Mahler selbst nannte dieses monumentale Werk „seine Messe“. Und tatsächlich ist es weit mehr als eine gewöhnliche Sinfonie – es ist ein spirituelles, philosophisches, ja fast opernhaftes Gesamtkunstwerk. Wesentliche literarische Inspirationen hatte Mahler unter anderem bei Dostojewskis Die Brüder Karamasow erfahren. Im Gespräch mit Schönberg soll er gesagt haben:
„Lassen Sie die jungen Leute, die bei Ihnen lernen, doch Dostojewski lesen – das ist wichtiger als der Kontrapunkt!“
Gustav Mahler, zitiert nach Paul Stefan
Aber auch Goethes Faust II diente ihm als Inspiration: Er nahm das Werk als zentrales Element für diese Sinfonie – ein Text, der selbst Literaturkennerinnen und -kennern oft Rätsel aufgibt. Das zeigt den enormen Anspruch dieser Komposition.

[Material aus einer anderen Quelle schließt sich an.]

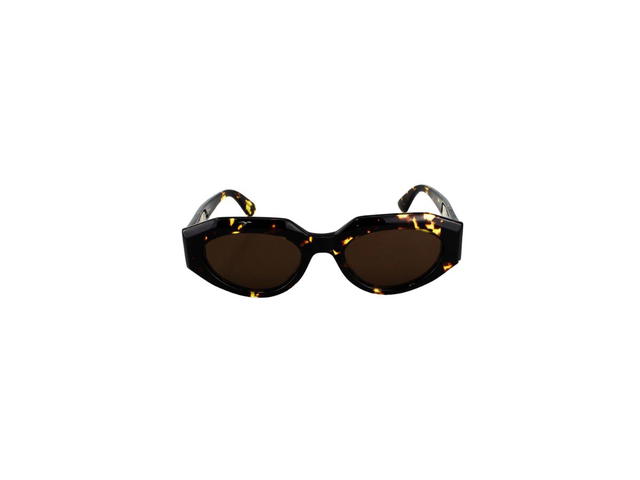 Bottega Veneta Bottega Veneta BV1031S Sunglasses In Havana Plastic Frame With Brown Lens - view 2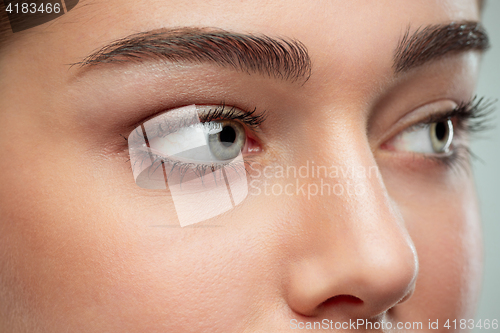 Image of Beautiful Girl face. Perfect skin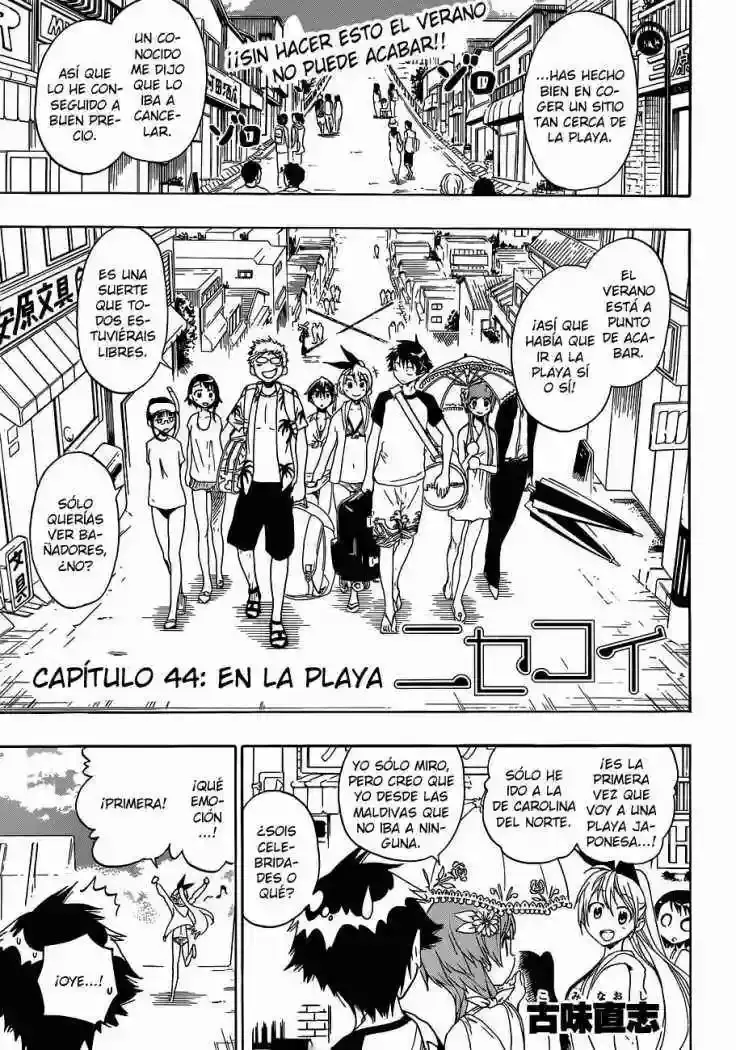 Nisekoi capítulo 44 página 1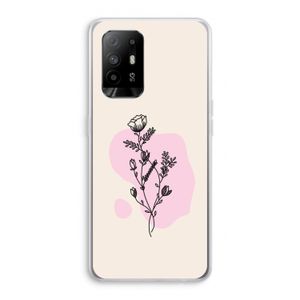 Roses are red: Oppo A95 5G Transparant Hoesje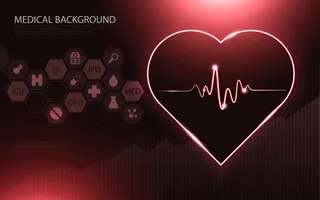 现代医疗技术与创新理念。保健模式医疗创新概念背景设计。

Im ersten Teil der Sinfonie vertont Mahler den Pfingsthymnus „Veni Creator Spiritus“ – „Komm, Schöpfer Geist“. Zentral ist hier die Figur des „Parakleten“, ein Begriff aus dem Johannesevangelium. Gemeint ist der „Beistand“, der „Tröster“ – der Heilige Geist, den Jesus seinen Jüngern als bleibende geistige Gegenwart verheißt:
„Und ich will den Vater bitten, und er wird euch einen anderen Beistand (griech. paraklitos) geben, dass er bei euch bleibe in Ewigkeit: den Geist der Wahrheit, den die Welt nicht empfangen kann, denn sie sieht ihn nicht noch kennt ihn; ihr aber kennt ihn, denn er bleibt bei euch und wird in euch sein.“
Johannes 14, 16–17 (Lutherbibel 1984)
Mahler verknüpft diese religiöse Dimension mit dem zweiten Teil der Sinfonie, der Goethes Faust II musikalisch in Szene setzt. Hier öffnet sich ein weltumspannender Horizont: Was ist die Welt? Was hält sie im Innersten zusammen? Welche Rolle spielt der menschliche Geist (spiritus) in einer zunehmend entzauberten Welt? Welche Verbindung besteht zwischen spiritus und mentes (Verstand)?

Im Finale der Sinfonie erscheint schließlich eine zentrale Figur: die „Himmelskönigin“. Gemeint ist Maria, die Jungfrau, die für Mahler – wie für Goethe – das Bild des Ewig-Weiblichen verkörpert. Das Werk endet mit den Worten:
„Das Ewig-Weibliche zieht uns hinan“
Goethe, Faust II
Dieses Symbol steht für eine mystische, erlösende Kraft, die den Menschen zu höherer Erkenntnis und Läuterung führt. Zu Mahlers Zeit haben sich mehrere Komponisten damit befasst, alte religiöse Stoffe durch Musik neu zu erkennen, zu rekonstruieren.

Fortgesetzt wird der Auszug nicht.